Given the material below, output exactly the lines from the line with "Две раздельных Micro-SIM" to the line with "Waar anderen er", both ends included, and no other lines.

### ENTRIES SHOWN:
___

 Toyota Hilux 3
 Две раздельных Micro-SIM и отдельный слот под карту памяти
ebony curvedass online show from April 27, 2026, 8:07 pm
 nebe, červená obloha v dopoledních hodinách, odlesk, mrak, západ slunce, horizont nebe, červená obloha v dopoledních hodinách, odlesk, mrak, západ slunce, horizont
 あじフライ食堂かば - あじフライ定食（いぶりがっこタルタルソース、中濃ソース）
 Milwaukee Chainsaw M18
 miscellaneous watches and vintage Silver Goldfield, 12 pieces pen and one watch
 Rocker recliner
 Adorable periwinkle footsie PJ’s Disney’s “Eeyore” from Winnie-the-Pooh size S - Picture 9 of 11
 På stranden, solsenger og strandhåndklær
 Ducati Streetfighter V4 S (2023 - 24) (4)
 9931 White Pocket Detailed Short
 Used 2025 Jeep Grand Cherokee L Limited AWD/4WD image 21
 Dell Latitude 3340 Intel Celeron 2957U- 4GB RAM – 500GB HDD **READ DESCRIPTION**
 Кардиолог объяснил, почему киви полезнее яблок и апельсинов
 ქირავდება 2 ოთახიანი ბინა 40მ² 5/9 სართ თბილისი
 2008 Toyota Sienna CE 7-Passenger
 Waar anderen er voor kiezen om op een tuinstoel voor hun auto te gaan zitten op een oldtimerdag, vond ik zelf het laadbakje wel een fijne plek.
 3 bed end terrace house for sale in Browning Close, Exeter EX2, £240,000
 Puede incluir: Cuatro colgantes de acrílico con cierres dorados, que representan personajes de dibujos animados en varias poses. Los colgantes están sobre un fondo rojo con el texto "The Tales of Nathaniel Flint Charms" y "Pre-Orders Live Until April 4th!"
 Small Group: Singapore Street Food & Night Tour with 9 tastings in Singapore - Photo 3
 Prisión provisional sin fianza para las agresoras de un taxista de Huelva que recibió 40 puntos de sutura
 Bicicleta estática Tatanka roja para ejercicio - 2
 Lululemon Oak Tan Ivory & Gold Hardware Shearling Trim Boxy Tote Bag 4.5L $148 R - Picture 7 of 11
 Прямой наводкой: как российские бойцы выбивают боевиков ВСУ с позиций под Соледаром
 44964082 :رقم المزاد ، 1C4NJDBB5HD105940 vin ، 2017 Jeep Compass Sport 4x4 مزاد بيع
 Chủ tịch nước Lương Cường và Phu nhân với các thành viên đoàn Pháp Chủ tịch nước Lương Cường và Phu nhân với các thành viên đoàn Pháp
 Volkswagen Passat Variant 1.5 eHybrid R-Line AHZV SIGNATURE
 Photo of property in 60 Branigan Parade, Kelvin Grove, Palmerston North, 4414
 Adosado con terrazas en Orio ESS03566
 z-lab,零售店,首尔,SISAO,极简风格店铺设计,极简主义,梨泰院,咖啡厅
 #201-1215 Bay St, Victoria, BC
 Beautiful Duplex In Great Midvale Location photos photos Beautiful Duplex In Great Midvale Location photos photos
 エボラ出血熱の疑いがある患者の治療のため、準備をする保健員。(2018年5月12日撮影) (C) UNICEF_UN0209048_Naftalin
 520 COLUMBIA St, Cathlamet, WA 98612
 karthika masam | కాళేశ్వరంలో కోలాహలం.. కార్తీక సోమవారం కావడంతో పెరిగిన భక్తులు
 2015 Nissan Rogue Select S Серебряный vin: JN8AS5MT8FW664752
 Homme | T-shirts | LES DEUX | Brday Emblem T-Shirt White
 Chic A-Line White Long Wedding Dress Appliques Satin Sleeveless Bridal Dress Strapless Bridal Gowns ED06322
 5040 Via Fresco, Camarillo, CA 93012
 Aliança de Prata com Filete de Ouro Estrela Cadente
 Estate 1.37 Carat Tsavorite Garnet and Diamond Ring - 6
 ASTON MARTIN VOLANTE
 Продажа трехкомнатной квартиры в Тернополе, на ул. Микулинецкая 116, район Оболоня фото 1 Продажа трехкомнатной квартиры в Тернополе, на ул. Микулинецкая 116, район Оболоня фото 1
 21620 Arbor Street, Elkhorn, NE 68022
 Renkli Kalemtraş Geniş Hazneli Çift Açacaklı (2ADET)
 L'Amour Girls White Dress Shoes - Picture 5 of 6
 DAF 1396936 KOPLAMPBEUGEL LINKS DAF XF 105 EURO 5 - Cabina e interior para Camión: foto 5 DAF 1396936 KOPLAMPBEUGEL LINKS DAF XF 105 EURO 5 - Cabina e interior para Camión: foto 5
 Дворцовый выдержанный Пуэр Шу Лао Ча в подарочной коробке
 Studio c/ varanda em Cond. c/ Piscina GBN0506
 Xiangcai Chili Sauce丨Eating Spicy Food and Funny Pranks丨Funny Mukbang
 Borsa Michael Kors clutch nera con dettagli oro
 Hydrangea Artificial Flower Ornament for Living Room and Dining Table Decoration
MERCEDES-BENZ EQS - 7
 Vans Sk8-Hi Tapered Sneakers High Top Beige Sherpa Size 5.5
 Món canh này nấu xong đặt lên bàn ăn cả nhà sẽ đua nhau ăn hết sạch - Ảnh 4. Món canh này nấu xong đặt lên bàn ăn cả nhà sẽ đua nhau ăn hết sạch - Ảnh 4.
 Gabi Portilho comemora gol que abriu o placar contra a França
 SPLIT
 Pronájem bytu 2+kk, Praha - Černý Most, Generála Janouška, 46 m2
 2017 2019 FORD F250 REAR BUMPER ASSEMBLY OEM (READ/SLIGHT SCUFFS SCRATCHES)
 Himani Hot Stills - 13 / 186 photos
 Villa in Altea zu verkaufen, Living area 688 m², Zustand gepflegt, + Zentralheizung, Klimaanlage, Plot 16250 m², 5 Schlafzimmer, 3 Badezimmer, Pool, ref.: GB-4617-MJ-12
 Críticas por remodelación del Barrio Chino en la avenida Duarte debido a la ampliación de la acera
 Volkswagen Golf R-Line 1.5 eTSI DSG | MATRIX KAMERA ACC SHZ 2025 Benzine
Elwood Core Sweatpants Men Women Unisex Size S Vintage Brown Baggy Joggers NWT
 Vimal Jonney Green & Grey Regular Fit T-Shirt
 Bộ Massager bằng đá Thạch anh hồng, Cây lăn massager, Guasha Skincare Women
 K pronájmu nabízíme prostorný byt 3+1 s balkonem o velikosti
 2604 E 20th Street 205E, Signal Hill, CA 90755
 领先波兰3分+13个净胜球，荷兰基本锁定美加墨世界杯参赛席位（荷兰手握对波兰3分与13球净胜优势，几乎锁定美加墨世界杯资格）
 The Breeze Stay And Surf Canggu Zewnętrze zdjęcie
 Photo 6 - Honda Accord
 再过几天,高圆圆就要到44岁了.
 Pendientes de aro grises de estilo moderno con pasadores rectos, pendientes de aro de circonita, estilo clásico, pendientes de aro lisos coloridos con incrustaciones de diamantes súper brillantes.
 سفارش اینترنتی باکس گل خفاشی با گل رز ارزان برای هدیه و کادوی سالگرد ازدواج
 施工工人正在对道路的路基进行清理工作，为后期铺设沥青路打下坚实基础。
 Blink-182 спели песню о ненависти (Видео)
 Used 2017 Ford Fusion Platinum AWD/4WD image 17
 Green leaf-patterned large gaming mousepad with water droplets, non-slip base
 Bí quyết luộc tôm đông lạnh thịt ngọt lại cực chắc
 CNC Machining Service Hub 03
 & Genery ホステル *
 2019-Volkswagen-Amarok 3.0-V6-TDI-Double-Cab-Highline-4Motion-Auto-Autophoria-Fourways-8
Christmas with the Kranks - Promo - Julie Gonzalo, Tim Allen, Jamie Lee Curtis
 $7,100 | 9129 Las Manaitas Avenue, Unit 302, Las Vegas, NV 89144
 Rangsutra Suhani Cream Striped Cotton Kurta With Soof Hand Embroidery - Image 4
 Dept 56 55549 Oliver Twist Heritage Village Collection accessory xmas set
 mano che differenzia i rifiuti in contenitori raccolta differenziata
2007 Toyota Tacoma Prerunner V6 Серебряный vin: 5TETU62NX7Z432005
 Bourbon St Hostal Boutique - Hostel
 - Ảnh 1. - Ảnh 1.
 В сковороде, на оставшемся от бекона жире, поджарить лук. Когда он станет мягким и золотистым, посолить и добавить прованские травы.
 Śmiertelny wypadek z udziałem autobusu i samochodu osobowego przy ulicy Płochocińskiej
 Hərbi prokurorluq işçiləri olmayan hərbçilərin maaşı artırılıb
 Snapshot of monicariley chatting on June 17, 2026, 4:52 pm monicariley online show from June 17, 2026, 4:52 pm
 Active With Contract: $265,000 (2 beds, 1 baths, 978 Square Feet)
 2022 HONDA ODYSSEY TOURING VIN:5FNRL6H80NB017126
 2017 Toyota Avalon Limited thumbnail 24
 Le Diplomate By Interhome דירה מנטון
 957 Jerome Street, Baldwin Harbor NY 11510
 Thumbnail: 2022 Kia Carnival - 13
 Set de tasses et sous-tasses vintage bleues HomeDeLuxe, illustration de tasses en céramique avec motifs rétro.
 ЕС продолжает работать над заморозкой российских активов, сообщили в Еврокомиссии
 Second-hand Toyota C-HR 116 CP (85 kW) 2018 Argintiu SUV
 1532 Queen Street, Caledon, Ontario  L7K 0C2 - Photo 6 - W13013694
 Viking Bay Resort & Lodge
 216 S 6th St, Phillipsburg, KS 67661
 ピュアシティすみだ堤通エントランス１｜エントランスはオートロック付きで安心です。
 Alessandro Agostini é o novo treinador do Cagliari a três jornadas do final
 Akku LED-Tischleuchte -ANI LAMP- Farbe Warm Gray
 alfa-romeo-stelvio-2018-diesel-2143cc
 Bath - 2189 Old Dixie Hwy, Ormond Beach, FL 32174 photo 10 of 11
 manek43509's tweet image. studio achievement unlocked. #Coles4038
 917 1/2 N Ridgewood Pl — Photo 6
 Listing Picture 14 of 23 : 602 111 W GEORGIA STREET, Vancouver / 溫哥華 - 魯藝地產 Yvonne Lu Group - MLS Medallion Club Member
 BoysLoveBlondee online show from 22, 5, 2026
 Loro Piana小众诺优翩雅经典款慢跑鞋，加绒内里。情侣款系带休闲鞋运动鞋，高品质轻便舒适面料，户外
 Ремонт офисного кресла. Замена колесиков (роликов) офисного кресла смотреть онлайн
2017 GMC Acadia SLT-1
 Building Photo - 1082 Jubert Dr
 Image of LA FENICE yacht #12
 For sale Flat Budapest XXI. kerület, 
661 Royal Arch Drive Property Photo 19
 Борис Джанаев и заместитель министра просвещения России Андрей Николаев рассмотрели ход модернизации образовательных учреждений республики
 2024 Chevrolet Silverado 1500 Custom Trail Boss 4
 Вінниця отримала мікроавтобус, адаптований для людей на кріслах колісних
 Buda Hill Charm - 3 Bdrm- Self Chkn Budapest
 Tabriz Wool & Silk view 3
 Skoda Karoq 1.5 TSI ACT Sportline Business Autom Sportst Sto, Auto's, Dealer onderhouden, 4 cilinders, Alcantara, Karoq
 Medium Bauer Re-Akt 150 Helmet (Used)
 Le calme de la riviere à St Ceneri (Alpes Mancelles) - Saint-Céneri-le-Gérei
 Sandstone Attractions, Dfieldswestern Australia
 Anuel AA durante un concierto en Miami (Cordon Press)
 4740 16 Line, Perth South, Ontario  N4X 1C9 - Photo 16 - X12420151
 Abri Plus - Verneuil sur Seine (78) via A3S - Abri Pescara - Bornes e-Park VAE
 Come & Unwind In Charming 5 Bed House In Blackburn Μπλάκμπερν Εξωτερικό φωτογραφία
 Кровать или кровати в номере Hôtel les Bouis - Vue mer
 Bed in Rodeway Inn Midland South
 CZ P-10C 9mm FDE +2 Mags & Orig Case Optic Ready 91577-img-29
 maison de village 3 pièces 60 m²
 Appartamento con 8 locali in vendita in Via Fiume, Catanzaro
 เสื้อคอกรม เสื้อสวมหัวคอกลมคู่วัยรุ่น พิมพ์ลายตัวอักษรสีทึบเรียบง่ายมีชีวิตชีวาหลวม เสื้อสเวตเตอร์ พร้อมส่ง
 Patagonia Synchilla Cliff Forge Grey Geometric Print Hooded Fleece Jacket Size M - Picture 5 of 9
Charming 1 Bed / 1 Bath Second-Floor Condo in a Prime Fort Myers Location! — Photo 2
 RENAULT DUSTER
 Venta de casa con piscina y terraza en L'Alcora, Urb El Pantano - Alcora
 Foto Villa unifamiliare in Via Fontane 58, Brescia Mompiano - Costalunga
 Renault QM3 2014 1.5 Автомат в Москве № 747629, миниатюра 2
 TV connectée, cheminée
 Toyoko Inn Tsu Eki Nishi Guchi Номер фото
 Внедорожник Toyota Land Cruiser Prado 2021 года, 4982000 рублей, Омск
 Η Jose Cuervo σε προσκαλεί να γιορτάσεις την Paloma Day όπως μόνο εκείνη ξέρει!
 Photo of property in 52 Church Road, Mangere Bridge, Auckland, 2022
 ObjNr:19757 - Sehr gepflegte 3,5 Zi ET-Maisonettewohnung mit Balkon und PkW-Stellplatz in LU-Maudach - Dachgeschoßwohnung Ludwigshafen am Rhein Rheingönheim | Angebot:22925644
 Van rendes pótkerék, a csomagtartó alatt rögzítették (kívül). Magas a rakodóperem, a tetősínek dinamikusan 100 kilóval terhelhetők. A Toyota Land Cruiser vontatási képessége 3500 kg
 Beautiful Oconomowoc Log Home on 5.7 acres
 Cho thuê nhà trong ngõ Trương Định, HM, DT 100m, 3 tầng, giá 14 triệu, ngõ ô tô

___

### REPLY:
 Две раздельных Micro-SIM и отдельный слот под карту памяти
ebony curvedass online show from April 27, 2026, 8:07 pm
 nebe, červená obloha v dopoledních hodinách, odlesk, mrak, západ slunce, horizont nebe, červená obloha v dopoledních hodinách, odlesk, mrak, západ slunce, horizont
 あじフライ食堂かば - あじフライ定食（いぶりがっこタルタルソース、中濃ソース）
 Milwaukee Chainsaw M18
 miscellaneous watches and vintage Silver Goldfield, 12 pieces pen and one watch
 Rocker recliner
 Adorable periwinkle footsie PJ’s Disney’s “Eeyore” from Winnie-the-Pooh size S - Picture 9 of 11
 På stranden, solsenger og strandhåndklær
 Ducati Streetfighter V4 S (2023 - 24) (4)
 9931 White Pocket Detailed Short
 Used 2025 Jeep Grand Cherokee L Limited AWD/4WD image 21
 Dell Latitude 3340 Intel Celeron 2957U- 4GB RAM – 500GB HDD **READ DESCRIPTION**
 Кардиолог объяснил, почему киви полезнее яблок и апельсинов
 ქირავდება 2 ოთახიანი ბინა 40მ² 5/9 სართ თბილისი
 2008 Toyota Sienna CE 7-Passenger
 Waar anderen er voor kiezen om op een tuinstoel voor hun auto te gaan zitten op een oldtimerdag, vond ik zelf het laadbakje wel een fijne plek.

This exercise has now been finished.